Studium jest kontynuowane w następujący sposób: „Był naczelnym i tajnym kanclerzem króla, a z racji tego stanowiska był jednym ze zwykłych sędziów kraju. Z prawa tego korzystał osobiście w siedmioosobowym zarządzie, a do zarządu królewskiego powołał dwóch zastępców. Pełnił również funkcję Głównego Inspektora Mennicy. Był strażnikiem królewskiej podwójnej pieczęci. Był członkiem rady gubernatora. Uczestniczył w zgromadzeniach narodowych. Parlament II. Lipót potwierdził prawa i przywileje prymasa-arcybiskupa. Od 1270 był dziedzicznym panem powiatu ostrzyhomskiego. Marii Teresy . Wśród jego przywilejów było to, że nie musiał osobiście składać przysięgi, ale mógł to zrobić za pośrednictwem swojego oficera. Mieli szlachtę aż do XIX wieku. Tytuł niemiecko-rzymskiego księcia cesarskiego z 1714 r., sob. Károly'ego . Przy obsadzaniu mandatów biskupich węgierska kancelaria dworska pytała też prymasa, kim są jego kandydaci. W XX wieku tylko niektóre z tych przywilejów były znaczące. Niewielu było chronionych prawem, większość z nich żyła jako prawo zwyczajowe.

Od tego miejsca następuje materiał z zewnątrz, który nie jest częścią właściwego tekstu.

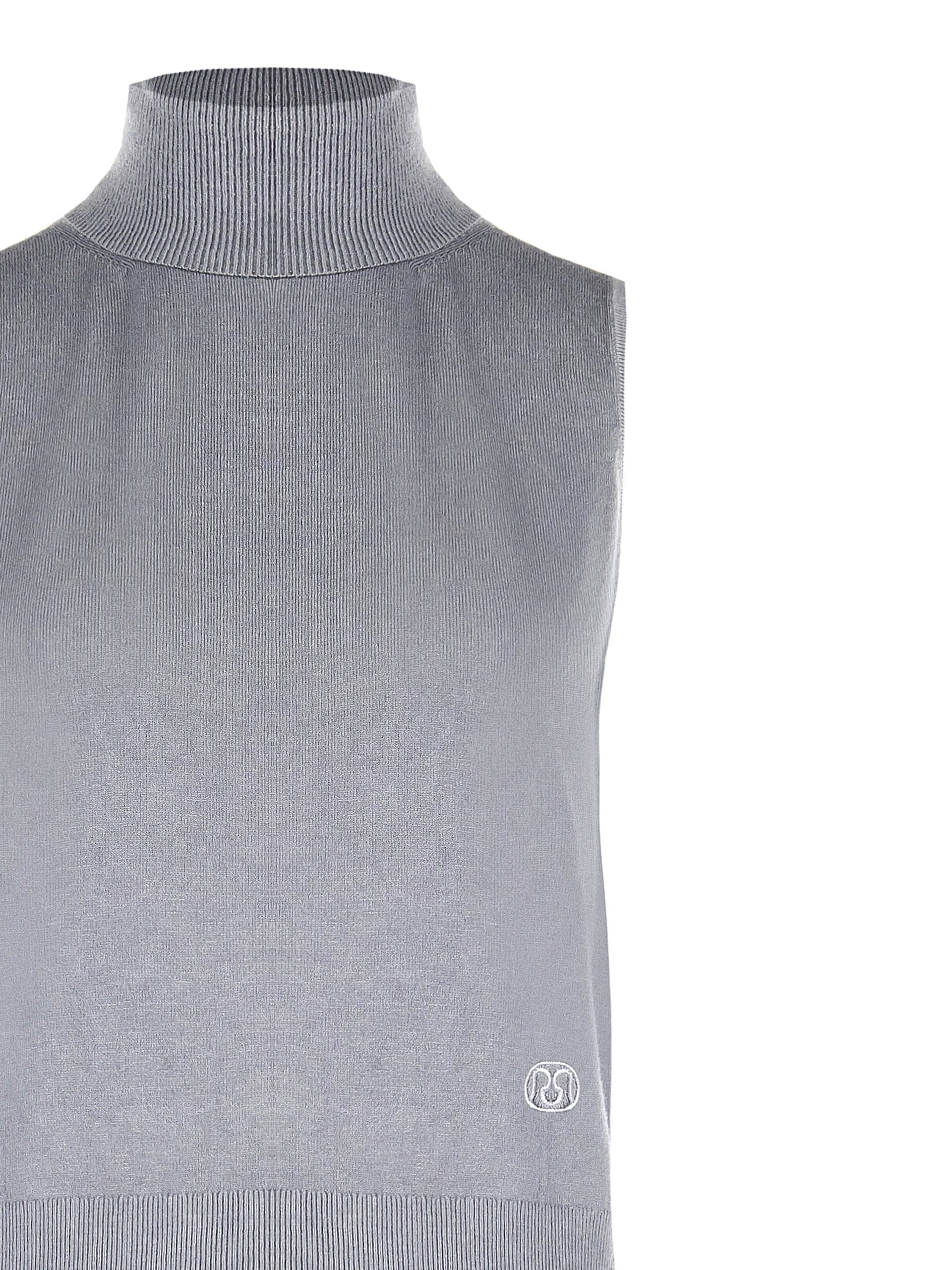 Maglione Dolcevita Smanicato Con Logo RR Ricamato Rinascimento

Gdy po I wojnie światowej została odtworzona Druga Izba Zgromadzenia Narodowego, Izba Wyższa, członkiem tejże, na podstawie swojej godności, został także Książę-Prymas. Zwyczajem było, że premierzy i ministrowie informowali księcia-prymasa o swojej nominacji i składali mu wstępną wizytę. Prymas miał prawo porozumiewać się z głową państwa nawet bez rządu i starali się zachować to prawo nawet w czasach Horthy'ego. W sytuacjach kryzysowych wojewoda zasięgał opinii księcia-prymasa. tak się działo między innymi w czasie kryzysu rządowego 1932 roku. Serédi wyjaśnił wówczas, nie wymieniając osób ani nazwisk, zasady, jakimi jego zdaniem należy kierować się składem rządu oraz sposobem i kierunkiem rządzenia.
Było w zwyczaju, że rząd konsultował się wcześniej z księciem-prymasem w sprawie propozycji legislacyjnych dotyczących Kościoła”.